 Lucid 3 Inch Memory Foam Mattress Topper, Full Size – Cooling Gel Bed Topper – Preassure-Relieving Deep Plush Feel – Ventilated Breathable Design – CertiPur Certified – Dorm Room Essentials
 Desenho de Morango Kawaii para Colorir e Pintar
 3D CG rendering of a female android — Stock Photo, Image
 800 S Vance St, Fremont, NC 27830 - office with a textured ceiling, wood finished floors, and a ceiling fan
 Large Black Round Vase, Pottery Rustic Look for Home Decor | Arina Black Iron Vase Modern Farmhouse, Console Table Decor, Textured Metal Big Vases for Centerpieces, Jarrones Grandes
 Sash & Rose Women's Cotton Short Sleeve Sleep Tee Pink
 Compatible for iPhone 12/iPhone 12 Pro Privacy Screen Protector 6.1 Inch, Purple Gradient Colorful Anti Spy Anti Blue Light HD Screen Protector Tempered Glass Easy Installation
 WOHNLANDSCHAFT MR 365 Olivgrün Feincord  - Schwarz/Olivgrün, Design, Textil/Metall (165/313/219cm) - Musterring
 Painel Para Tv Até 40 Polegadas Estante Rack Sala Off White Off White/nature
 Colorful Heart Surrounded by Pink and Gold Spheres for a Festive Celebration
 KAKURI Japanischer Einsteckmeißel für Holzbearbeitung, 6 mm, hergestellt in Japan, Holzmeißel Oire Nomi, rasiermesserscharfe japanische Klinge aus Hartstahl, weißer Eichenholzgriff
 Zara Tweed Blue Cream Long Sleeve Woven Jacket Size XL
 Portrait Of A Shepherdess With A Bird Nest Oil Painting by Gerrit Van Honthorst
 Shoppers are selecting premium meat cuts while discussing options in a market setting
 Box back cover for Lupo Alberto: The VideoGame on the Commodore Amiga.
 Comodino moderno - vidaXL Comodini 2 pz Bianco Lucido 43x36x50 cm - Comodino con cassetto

= Exercise directions =
Return exactly the lines of the data, and only those, from the line with "Portrait Of A" through the last line, inclusive.

= Completed task =
 Portrait Of A Shepherdess With A Bird Nest Oil Painting by Gerrit Van Honthorst
 Shoppers are selecting premium meat cuts while discussing options in a market setting
 Box back cover for Lupo Alberto: The VideoGame on the Commodore Amiga.
 Comodino moderno - vidaXL Comodini 2 pz Bianco Lucido 43x36x50 cm - Comodino con cassetto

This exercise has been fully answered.